Plan Ahead to Help Your Garden Survive Summer
Parts of the yard may have radically different levels of sun exposure. Monitor the conditions outside over a few weeks to determine where your garden gets the hottest and what areas have the most shade. Plant each crop in an appropriate spot for how much sunlight it needs and how much heat it will tolerate. Only plants that love heat, like peppers and cucumbers, should be planted in the full afternoon sun.
Support Young Trees and Small Plants
Hot, dry wind may uproot fragile plants and cause unnecessary stress for others. Give climbing plants trellises to support their vining habits and protect fruit as it grows. Tie simple wooden dowels to the stems of delicate plants or use them as supports for heavier vegetables. To help your garden survive summer, water deeply during the early morning hours before the sun evaporates the moisture.
Pay Extra Attention to Container Plants
Containers are a unique and versatile way to grow plants if you have poor soil quality or need to move plants around during the day. Containers make it easier to help your garden thrive because you can move them into a shaded area or the garage on a hot day. However, containers also mean the plants are more affected by heat.
The soil protects plants in the ground because the roots extend into the cool earth. Container plants absorb heat on every side, so they need water more frequently to keep them healthy and thriving during heat waves.
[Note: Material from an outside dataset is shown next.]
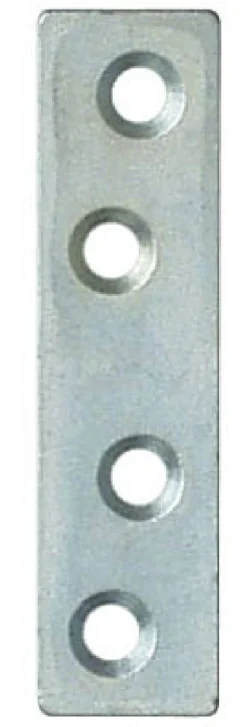 Skjøtejern efz 75x20x2mm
Help Your Garden Survive Summer with Shade
Sometimes temperatures are higher than predicted, and you need a quick fix to help your garden thrive. Temporary shade eases the worst of the heat and sunlight. A portable canopy or patio umbrella will shelter a few plants or garden beds. Move container plants into a shady part of the lawn or indoors. Install a shade cloth to cover vulnerable plants on your deck or patio.